Australian snack food

Cheezels are a brand of Australian snack food currently produced by Snack Brands Australia. Made from corn and rice, they are a crisp puffy ring with a strong, savoury cheddar cheese flavour and aroma. Due to the ring structure of the snack itself, Cheezels are often eaten off of the consumers fingers. They are similar in texture to cheese puffs, American Cheetos, or Canadian Cheezies.

In some countries they are distributed by Laura Matte (which since 2016 has been owned by Universal Robina Corporation, and previously by The Real McCoy Snackfood Company). In Malaysia, Cheezels were originally produced by Danone and later by Kraft Foods, and are currently owned by Mondelēz International, together with Twisties.

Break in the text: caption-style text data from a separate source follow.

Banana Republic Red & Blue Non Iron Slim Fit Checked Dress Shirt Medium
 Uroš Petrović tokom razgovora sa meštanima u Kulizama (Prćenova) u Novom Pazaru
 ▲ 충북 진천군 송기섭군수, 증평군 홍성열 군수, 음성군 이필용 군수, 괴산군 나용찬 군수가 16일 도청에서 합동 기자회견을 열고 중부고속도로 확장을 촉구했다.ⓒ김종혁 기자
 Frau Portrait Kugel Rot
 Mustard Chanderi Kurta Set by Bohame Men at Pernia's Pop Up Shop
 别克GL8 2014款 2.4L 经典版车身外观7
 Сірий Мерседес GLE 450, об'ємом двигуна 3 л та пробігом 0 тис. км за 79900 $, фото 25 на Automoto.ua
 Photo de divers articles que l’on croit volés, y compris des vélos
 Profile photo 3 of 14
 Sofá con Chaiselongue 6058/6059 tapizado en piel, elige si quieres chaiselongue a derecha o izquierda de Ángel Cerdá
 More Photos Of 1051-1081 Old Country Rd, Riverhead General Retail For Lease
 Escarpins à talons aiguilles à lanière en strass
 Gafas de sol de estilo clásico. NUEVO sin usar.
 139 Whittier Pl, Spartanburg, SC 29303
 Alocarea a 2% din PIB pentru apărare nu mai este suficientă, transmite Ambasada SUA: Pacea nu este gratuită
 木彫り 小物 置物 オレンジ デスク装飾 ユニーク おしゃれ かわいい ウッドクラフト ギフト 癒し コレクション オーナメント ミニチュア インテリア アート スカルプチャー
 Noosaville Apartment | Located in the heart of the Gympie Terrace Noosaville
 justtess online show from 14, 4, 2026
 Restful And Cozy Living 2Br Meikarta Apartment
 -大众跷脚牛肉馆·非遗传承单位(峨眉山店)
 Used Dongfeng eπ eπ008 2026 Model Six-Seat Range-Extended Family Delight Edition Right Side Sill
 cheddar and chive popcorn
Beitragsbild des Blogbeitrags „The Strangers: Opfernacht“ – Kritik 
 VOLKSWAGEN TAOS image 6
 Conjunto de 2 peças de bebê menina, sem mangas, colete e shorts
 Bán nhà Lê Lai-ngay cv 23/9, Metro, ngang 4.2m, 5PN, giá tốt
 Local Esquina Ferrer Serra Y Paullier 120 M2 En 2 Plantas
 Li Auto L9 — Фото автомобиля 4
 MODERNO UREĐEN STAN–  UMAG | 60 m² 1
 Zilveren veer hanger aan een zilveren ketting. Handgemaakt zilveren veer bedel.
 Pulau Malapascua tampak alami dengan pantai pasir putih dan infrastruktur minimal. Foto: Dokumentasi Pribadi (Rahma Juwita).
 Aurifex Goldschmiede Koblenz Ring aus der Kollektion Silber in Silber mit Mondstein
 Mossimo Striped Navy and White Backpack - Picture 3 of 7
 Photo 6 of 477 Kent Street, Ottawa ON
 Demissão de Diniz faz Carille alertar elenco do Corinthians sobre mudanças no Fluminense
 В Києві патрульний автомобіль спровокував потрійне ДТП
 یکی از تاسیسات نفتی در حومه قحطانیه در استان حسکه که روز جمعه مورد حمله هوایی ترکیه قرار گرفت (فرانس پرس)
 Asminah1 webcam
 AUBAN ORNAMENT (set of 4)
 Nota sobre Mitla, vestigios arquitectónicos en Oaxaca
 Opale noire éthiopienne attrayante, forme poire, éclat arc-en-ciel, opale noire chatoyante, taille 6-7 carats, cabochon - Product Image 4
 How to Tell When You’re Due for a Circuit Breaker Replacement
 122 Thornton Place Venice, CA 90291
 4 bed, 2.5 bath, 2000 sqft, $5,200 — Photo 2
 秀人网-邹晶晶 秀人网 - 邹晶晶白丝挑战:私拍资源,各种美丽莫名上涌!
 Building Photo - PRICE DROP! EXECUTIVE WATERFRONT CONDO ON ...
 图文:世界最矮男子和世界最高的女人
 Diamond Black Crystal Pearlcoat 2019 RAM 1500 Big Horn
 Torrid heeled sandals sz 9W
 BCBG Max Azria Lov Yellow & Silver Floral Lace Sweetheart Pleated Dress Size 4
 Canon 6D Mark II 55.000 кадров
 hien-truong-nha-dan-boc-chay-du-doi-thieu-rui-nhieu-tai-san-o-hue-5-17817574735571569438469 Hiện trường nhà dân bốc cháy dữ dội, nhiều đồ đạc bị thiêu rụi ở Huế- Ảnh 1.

In New Zealand, Cheezels are manufactured by Bluebird Foods Ltd a PepsiCo company, which is a competitor to Snack Brands Australia, the manufacturer of Cheezels in Australia.

The New Zealand version of Cheezels are not as crisp in texture or as strong cheddar cheese flavour as their Australian counterpart.

Cheezels are a highly popular snack in Australia, selling over 18.2 million packets in 2025.

==History==

According to any modern packet of Cheezels, the snack entered the market in 1971. Company folklore has it that the creative team were stuck for a name when the boss chipped in with "Just call 'em Cheezels". One account credits the brand name to Ken Farrington (an account executive at the advertising agency Masius, which worked with snack companies around 1970).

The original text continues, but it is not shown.